In reply to an earlier post on 6 Mar 2013 14:53:24 GMT
I Readalot says:
Just imagining this situation - someone's mum writes a terrible book, daughter (or son) writes a completely honest review saying it is terrible, don't think it would go down too well somehow, although the fallout (and possible murder) could be a plot for a crime novel.

In reply to an earlier post on 6 Mar 2013 14:53:28 GMT
Waspolly says:
I would certainly give a 'good review' for a book written by a close friend. But I would give no review at all if I hadn't enjoyed it! What is wrong with saying you have enjoyed reading something if you genuinely enjoyed it? Isn't that what reviews are all about? Or does Amazon automatically believe that 'good reviews' are only written by F & F?

Posted on 6 Mar 2013 15:58:19 GMT
I Readalot says:
It isn't a case of 'Amazon' believing or not believing, it is simply a company with regulations, but customer's are likely not to trust a 5* 'this is wonderful' review written by friends or family of the author and such reviews do not benefit the author at all. The majority of reviews on Amazon are completely impartial.

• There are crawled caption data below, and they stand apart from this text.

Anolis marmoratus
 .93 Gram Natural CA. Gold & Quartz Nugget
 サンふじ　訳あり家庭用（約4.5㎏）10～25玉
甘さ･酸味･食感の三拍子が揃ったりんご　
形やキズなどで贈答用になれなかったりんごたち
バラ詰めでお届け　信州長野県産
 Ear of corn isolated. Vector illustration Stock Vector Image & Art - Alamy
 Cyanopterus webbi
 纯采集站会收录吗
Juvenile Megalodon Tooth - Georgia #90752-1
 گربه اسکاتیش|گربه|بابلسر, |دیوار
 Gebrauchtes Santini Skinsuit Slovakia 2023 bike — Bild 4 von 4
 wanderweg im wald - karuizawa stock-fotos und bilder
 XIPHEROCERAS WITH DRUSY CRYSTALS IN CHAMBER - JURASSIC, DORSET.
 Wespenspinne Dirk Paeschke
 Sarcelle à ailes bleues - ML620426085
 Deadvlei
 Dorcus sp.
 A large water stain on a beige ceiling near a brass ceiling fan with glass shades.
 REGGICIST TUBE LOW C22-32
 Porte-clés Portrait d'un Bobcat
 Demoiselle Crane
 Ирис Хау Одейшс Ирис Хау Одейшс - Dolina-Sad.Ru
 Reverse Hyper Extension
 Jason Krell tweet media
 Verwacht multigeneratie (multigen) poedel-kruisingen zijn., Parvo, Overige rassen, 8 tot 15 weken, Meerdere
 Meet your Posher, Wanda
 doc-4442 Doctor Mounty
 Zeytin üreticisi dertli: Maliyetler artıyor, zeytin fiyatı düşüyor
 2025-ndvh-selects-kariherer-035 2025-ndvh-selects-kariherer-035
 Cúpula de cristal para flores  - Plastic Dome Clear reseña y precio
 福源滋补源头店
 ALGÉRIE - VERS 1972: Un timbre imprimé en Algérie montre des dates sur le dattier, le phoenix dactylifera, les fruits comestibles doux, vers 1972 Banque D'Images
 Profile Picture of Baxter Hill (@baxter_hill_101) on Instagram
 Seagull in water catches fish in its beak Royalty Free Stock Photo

In reply to an earlier post on 6 Mar 2013 16:00:18 GMT
Sou'Wester says:
That defeats the whole object of a review. It is just as important (possibly more so) to warn fellow customers away from inferior material as it is to commend good work. I used to do quite a lot of book reviews for a specialist magazine but was absolutely scrupulous in declining to review any publication in which a friend had been involved; for me, to do otherwise would have been totally unethical.
One of the big problems with Amazon reviews of self-published work is the disproportionate number of glowing 5* commendations; it's absolutely nonsensical when you compare it with reviews of much better-known works where there is usually a much more realistic cross-section of opinion.
We should remember that reviews are there for the benefit of customers; not to flatter writers' egos.

In reply to an earlier post on 6 Mar 2013 17:33:59 GMT
Marand says:
I agree entirely. I don't think authors realise the extent to which a bunch of F&F reviews can actually be off-putting.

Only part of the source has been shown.